Behavioral pharmacology has established subjective response to alcohol as a reliable, multi-faceted phenotype serving as a central bio-behavioral marker of positive and negative reinforcement from alcohol . Individual variability in alcohol’s acute subjective effects, specifically greater stimulation and reward and lower sedation, predict liability for AUD, including escalation of alcohol use and AUD symptomatology . Positive mood, negative mood, and craving are acutely modulated by alcohol use, such that individuals typically experience an increase in positive mood and craving and decrease in negative mood along rising breath alcohol concentrations , serving as reinforcers of alcohol intake . Thus, researchers routinely assess whether pharmacotherapies can effectively modulate subjective response to alcohol through experimental human laboratory paradigms . Importantly, a recent meta-analysis has shown that medication effects on subjective responses to alcohol in the laboratory predict their efficacy in clinical trials for AUD . In an initial safety and efficacy trial, our laboratory used an intravenous alcohol administration paradigm to test whether the novel pharmacotherapy, ibudilast, modulated subjective response in a clinical sample of AUD . While ibudilast did not significantly alter subjective response, subjective effects of mood were dependent on participant’s degree of depression symptomatology. Novel designs testing alcohol’s subjective effects are emerging, such as daily diary methods and ecological momentary assessment in which participants report on their drinking experiences in real-world settings . For instance, using EMA in an RCT that enrolled adolescents with problematic drinking, Miranda Jr. et al. found that naltrexone attenuated alcohol-induced increases in stimulation and enhanced alcohol-induced sedation, as compared to placebo.
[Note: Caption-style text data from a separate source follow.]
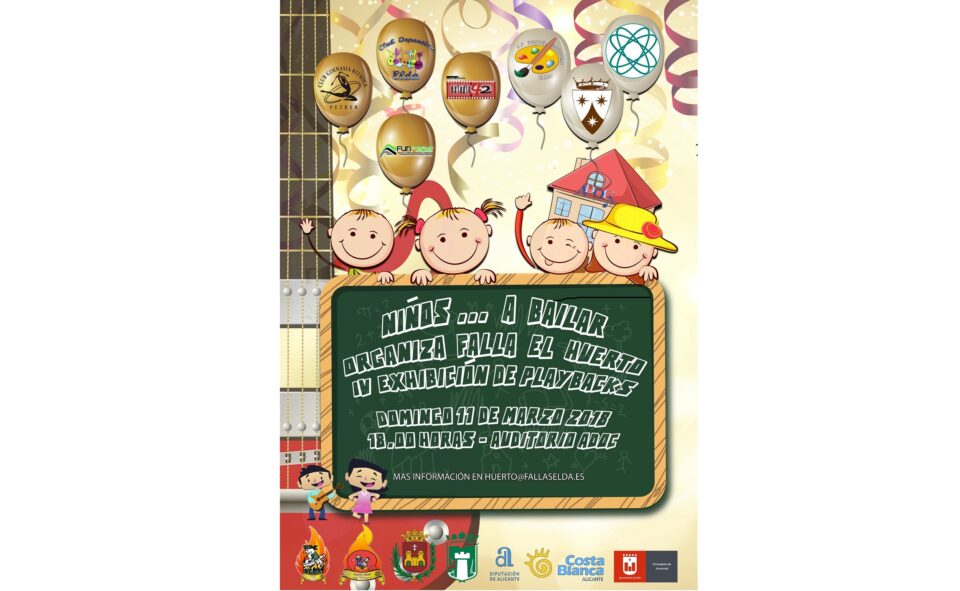 La Falla El Huerto realizará por cuarta vez consecutiva la Exhibición Niños a Bailar en el auditorio ADOC de Elda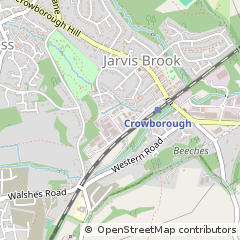 Map of Crowborough, East Sussex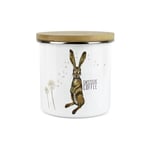 Hares & Dandelions Cafetiere Coffee Storage Canister - Kitchen Enamel Container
These naturalistic reports are consistent with findings on naltrexone’s subjective effects in human laboratory settings . Although less temporally precise than EMA, daily diary methods, which typically include data collection once daily, have lower participant burden and can enhance compliance. While assessment of medication effects on acute subjective response to alcohol via daily diary assessments is limited, past work has utilized these designs to assess daily relationships among urge, mood, and drinking . In a trial of naltrexone for heavy drinking among young adults, morning DDAs revealed that higher daily urge was associated with a greater likelihood of taking the medication, which in return, predicted a lower likelihood of same-day intoxication among the treatment group . The current study consists of a secondary analysis of a two-week experimental medication RCT of ibudilast, which demonstrated treatmentrelated reductions in rates of heavy drinking, as reported through daily diary methods, and reduced neural alcohol cue-reactivity . This study seeks to further test ibudilast’s effects on subjective response to alcohol in the natural environment via DDA. When comparing participant report of drink quantity between these two methods , estimates of alcohol consumption are largely consistent, such that 75% of reports fell within 1 standard drink . Similarly, research from affective science suggests that DDA versus EMA do not meaningfully alter estimates of emotion variability in the real-world nor their associations with health outcomes . In sum, micro-longitudinal, naturalistic daily reporting is a valuable and highly complementary method to clinical trials, as they can increase power and ecological validity, reduce recall error, and result in more cost-effective RCTs . Despite a mounting body of work connecting the immune system with the development and maintenance of AUD and the important implications for the development of these novel therapeutics , few RCTs have tested immunotherapies in the context of AUD to date.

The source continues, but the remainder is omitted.